The ocean flush dose not remove human bacteria and virus in sludge, cyst and bio films remaining in ballast tanks. No ballast on board dose not prevent these systems being used in the Great Lakes from introducing these problems and spreading existing ones already in the lakes. This is about American politicians of both party’s being bought by big money helping the shipping industry (which according to reports for Congress is comprised of mainly foreign flags) avoid cost by not requiring installation of the needed technology to insure safety of Americans health and environment. Lets hope New York’s governor, who has already delayed the timeline for NY regulations in conjunction with the Obama administrations Coast Guard delay plan, dose not cave in to political pressure after he spent NY taxpayer dollars developing and defending NY laws while he was attorney general. Those who care need to inform the public about this disregard for Americans health and environment before they set a precedent through laws that will likely remain in affect for decades. The general public is not aware of the danger these politicians are willing to impose on Americans, on behalf of foreign shipping interest and the major news media’s will not talk about issues that curtail economic globalization, regardless of the toll on human health such as the spread pollutants like tar balls, oil, nuclear waste water, or even cholera that ocean flush’s do not remove and may even promote.

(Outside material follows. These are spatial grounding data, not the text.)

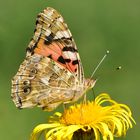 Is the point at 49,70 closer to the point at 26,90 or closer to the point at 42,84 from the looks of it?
the point at 42,84

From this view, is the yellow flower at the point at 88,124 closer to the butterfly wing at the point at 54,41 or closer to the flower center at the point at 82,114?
the flower center at the point at 82,114

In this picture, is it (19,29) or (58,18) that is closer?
(58,18)

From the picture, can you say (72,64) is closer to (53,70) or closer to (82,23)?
(53,70)

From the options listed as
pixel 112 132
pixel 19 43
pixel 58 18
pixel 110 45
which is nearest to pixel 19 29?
pixel 19 43

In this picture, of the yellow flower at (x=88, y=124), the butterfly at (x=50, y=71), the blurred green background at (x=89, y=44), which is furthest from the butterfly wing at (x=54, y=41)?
the blurred green background at (x=89, y=44)

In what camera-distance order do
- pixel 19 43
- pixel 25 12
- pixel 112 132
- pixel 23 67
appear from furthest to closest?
pixel 25 12
pixel 19 43
pixel 23 67
pixel 112 132

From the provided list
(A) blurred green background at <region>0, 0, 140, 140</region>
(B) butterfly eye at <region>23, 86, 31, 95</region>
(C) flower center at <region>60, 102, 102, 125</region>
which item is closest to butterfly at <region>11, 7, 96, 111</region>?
(B) butterfly eye at <region>23, 86, 31, 95</region> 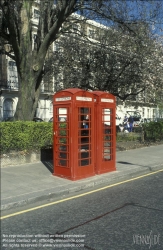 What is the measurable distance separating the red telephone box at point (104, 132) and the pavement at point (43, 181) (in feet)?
1.10

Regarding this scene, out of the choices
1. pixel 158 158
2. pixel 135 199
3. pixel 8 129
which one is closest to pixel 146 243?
pixel 135 199

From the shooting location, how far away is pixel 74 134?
750 centimetres

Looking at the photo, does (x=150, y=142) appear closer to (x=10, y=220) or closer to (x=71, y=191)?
(x=71, y=191)

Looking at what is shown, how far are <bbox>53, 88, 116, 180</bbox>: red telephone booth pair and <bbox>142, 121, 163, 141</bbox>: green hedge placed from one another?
352 inches

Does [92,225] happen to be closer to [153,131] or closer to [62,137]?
[62,137]

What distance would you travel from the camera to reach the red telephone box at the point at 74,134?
7496mm

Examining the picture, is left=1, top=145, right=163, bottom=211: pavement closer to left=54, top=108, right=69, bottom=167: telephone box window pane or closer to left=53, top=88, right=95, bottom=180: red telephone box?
left=53, top=88, right=95, bottom=180: red telephone box

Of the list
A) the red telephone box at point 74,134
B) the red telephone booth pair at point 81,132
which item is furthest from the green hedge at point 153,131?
the red telephone box at point 74,134

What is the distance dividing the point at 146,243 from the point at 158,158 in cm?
839

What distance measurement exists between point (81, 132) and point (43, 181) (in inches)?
63.6

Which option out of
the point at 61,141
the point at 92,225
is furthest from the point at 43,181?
the point at 92,225

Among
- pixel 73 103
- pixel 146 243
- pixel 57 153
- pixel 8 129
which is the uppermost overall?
pixel 73 103

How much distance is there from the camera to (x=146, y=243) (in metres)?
4.19

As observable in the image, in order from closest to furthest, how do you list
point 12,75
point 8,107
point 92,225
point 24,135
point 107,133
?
point 92,225, point 107,133, point 24,135, point 12,75, point 8,107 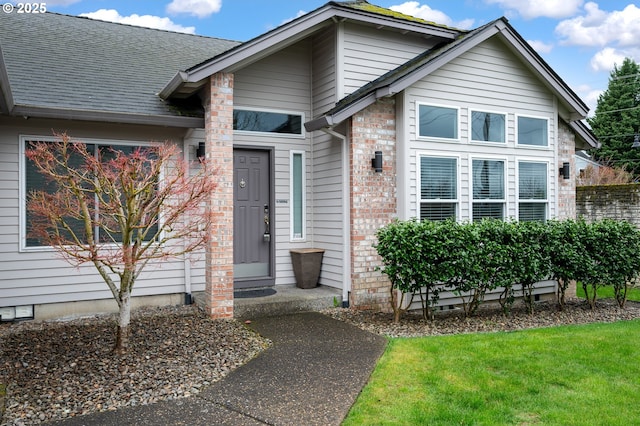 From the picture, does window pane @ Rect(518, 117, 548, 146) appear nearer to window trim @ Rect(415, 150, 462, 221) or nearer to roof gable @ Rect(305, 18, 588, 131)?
roof gable @ Rect(305, 18, 588, 131)

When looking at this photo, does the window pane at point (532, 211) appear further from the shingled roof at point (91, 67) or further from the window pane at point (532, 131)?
the shingled roof at point (91, 67)

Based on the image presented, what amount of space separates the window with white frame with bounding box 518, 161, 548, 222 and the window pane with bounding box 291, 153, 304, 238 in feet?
12.4

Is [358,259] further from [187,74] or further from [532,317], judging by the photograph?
[187,74]

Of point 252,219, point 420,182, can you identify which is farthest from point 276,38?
point 420,182

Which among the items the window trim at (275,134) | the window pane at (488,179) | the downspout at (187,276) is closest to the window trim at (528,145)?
the window pane at (488,179)

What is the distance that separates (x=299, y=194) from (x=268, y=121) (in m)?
1.28

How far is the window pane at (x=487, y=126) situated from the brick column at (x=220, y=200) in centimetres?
409

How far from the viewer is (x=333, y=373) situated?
4750mm

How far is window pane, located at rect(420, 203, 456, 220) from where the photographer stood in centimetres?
785

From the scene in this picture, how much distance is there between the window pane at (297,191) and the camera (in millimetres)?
8391

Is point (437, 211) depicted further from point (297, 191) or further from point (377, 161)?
point (297, 191)

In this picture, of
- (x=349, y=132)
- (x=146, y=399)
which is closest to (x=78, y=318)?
(x=146, y=399)

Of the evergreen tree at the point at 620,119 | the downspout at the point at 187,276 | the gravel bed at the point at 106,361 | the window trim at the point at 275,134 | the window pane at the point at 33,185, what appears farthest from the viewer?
the evergreen tree at the point at 620,119

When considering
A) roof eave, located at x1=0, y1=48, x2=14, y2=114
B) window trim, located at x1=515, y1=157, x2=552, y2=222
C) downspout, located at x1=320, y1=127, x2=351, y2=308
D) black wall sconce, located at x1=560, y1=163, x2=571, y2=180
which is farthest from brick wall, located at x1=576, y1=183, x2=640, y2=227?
roof eave, located at x1=0, y1=48, x2=14, y2=114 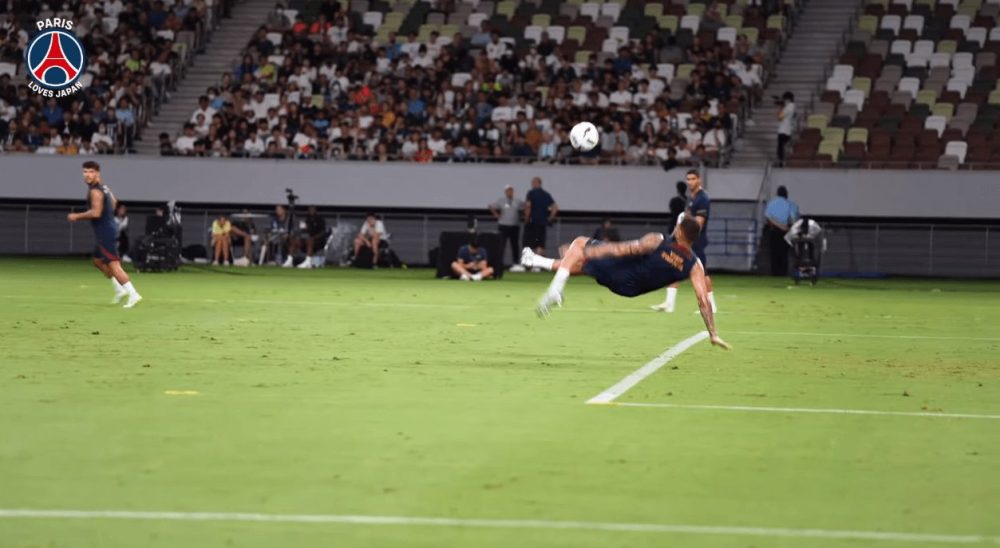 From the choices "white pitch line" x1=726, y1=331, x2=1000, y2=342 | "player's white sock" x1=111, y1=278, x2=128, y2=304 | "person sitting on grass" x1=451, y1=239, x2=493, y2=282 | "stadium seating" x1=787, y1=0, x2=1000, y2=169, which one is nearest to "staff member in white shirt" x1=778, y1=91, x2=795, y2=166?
"stadium seating" x1=787, y1=0, x2=1000, y2=169

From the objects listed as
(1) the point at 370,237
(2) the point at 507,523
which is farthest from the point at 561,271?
(1) the point at 370,237

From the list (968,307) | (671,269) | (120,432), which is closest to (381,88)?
(968,307)

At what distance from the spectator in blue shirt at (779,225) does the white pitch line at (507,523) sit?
91.8 ft

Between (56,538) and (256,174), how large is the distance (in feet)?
110

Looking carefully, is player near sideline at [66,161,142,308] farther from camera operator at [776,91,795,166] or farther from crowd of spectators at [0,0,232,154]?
camera operator at [776,91,795,166]

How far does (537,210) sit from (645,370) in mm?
21724

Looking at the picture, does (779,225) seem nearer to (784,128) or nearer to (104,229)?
(784,128)

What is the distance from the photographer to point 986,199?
3669 centimetres

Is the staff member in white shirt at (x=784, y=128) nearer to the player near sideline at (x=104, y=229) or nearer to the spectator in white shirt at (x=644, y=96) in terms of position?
the spectator in white shirt at (x=644, y=96)

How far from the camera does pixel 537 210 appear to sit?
120ft

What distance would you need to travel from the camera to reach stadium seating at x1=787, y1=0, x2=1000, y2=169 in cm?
3744

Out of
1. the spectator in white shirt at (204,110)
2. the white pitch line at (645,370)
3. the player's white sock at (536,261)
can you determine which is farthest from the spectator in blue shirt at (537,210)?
the player's white sock at (536,261)

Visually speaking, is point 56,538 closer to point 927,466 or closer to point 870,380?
point 927,466

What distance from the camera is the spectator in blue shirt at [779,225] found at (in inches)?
1409
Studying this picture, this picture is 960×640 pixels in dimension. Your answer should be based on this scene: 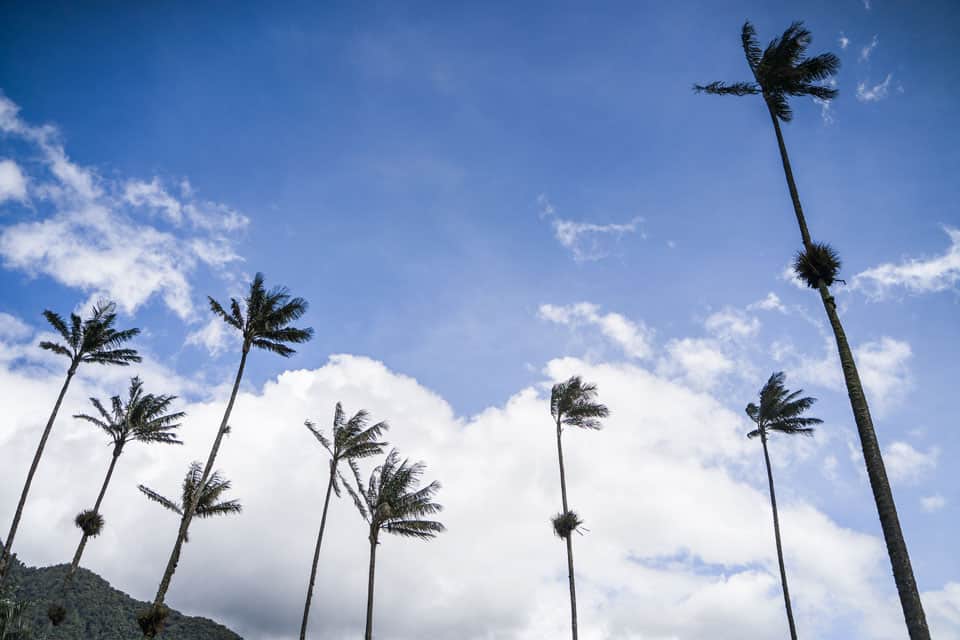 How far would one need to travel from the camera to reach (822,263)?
14312 mm

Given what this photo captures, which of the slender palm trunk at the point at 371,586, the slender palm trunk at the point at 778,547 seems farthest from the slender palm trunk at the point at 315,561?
the slender palm trunk at the point at 778,547

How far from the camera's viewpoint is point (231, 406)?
28.4 meters

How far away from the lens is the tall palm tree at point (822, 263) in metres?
10.3

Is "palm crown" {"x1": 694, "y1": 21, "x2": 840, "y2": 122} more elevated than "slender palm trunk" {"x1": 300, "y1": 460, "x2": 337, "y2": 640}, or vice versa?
"palm crown" {"x1": 694, "y1": 21, "x2": 840, "y2": 122}

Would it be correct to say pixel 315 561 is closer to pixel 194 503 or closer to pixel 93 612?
pixel 194 503

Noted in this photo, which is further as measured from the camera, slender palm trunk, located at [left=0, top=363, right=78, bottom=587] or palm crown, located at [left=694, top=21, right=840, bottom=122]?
slender palm trunk, located at [left=0, top=363, right=78, bottom=587]

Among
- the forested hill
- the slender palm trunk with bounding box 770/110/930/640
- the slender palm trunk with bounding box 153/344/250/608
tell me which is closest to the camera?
the slender palm trunk with bounding box 770/110/930/640

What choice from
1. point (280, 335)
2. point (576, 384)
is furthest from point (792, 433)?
point (280, 335)

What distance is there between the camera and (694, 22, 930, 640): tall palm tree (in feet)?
33.9

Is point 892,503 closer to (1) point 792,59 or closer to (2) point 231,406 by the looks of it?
(1) point 792,59

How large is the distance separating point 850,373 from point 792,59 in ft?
33.7

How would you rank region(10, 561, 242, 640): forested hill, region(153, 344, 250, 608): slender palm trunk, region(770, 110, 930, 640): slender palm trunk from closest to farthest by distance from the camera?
region(770, 110, 930, 640): slender palm trunk → region(153, 344, 250, 608): slender palm trunk → region(10, 561, 242, 640): forested hill

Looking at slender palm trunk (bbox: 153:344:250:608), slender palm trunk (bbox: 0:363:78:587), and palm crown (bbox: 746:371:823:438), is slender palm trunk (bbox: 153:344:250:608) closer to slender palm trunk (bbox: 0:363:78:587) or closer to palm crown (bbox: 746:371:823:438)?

If this bill passes the House it will be interesting to see if California’s Senator Boxer will object to it and stop it the way she stopped HR.2830 in 2008 from authorizing the Coast Guard to protect the whole country from ballast water because of her alledged contention it would overide her states rights to stronger ballast water protection, especially since the state of California has since backed off from their strong stance on ballast water protection. Obviously any Senator could stop this bill from becoming law over state rights.